What is a merge or join of two dataframes?
What are inner, outer, left and right merges?
How do I merge two dataframes with different common column names? (left_on and right_on syntax)

If you’d like to work through the tutorial yourself, I’m using a Jupyter notebook setup with Python from Anaconda, and I’ve posted the code on GitHub here. I’ve included the sample datasets in the GitHub repository.

You can merge data sets with different join variable names in each. — Merging overview if you need a quickstart (all explanations below)!

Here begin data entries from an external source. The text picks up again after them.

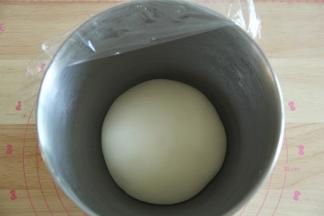 发酵到二倍大的面团，看状态，一般会手指蘸面粉戳洞检查，不明显回缩塌陷就可以了。看状态，不戳洞也是可以的。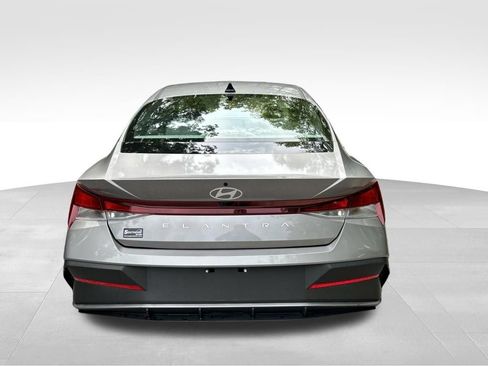 Used 2024 Hyundai Elantra SEL FWD image 4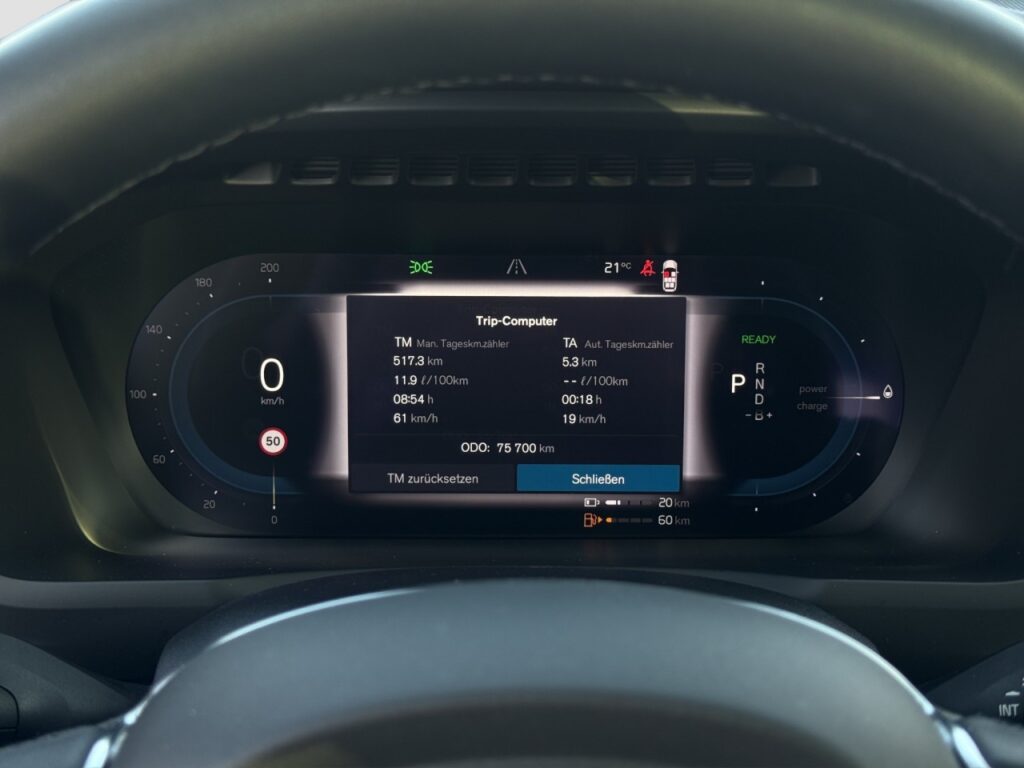 Volvo XC90 T8 Ultimate Dark Plug-In Hyb.AWD/Four-C/AHK – Bild 8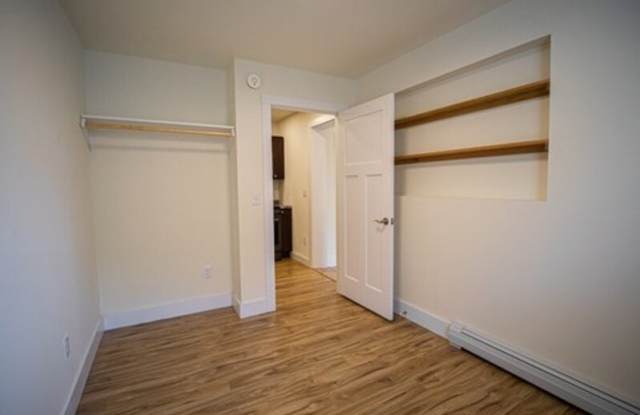 28 South Williams Street - 1S Gallery 3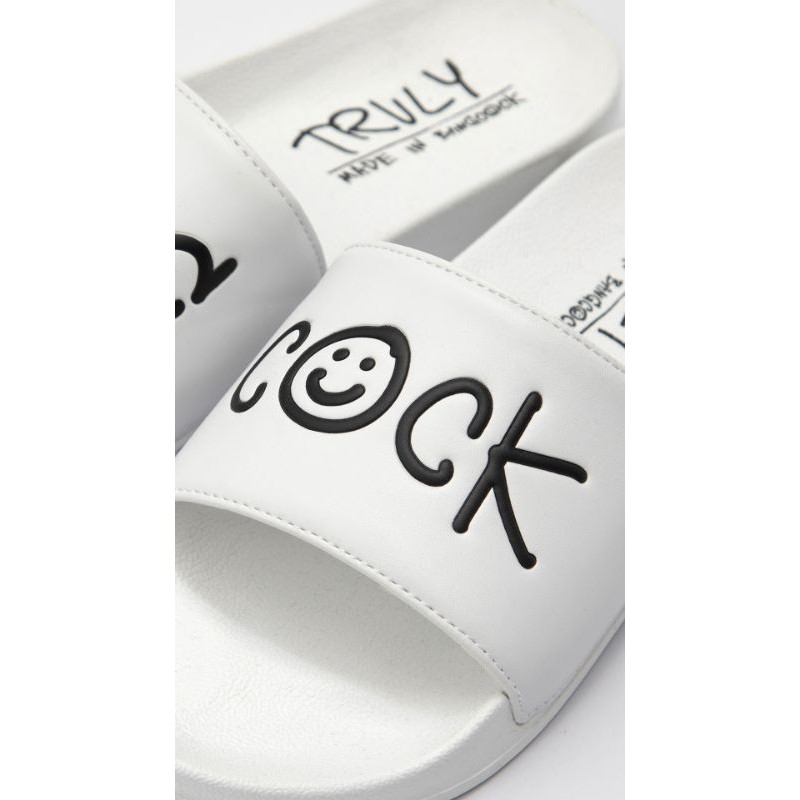 TRULY SANDALS BLACK รองเท้าเตะ รุ่น "ก้าวหน้า" สีขาว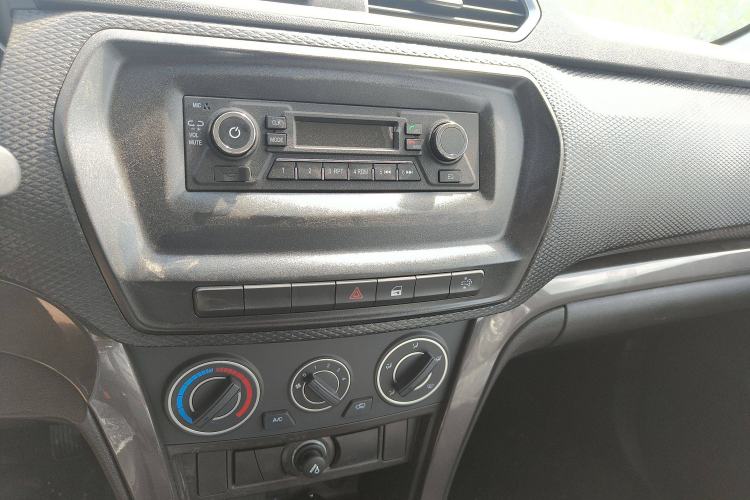 Used Great Wall Wingle 5 2023 2.0T Diesel Two-Wheel Drive Advanced Big Double Audio And AC Panel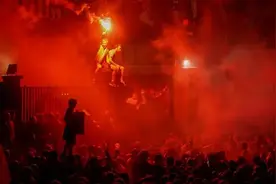 数千名球迷街头庆祝利物浦英超夺冠，当地警方发出疫情警告图片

The Pandas merge() command takes the left and right dataframes, matches rows based on the “on” columns, and performs different types of merges – left, right, etc.

Example data

For this post, I have taken some real data from the KillBiller application and some downloaded data, contained in three CSV files:

user_usage.csv – A first dataset containing users monthly mobile usage statistics
user_device.csv – A second dataset containing details of an individual “use” of the system, with dates and device information.
android_devices.csv – A third dataset with device and manufacturer data, which lists all Android devices and their model code, obtained from Google here.

We can load these CSV files as Pandas DataFrames into pandas using the Pandas read_csv command, and examine the contents using the DataFrame head() command.

Sample usage information from the KillBiller application showing monthly mobile usage statistics for a subset of users.

User information from KillBiller application giving the device and OS version for individual “uses” of the KillBiller application.

Android Device data, containing all Android devices with manufacturer and model details.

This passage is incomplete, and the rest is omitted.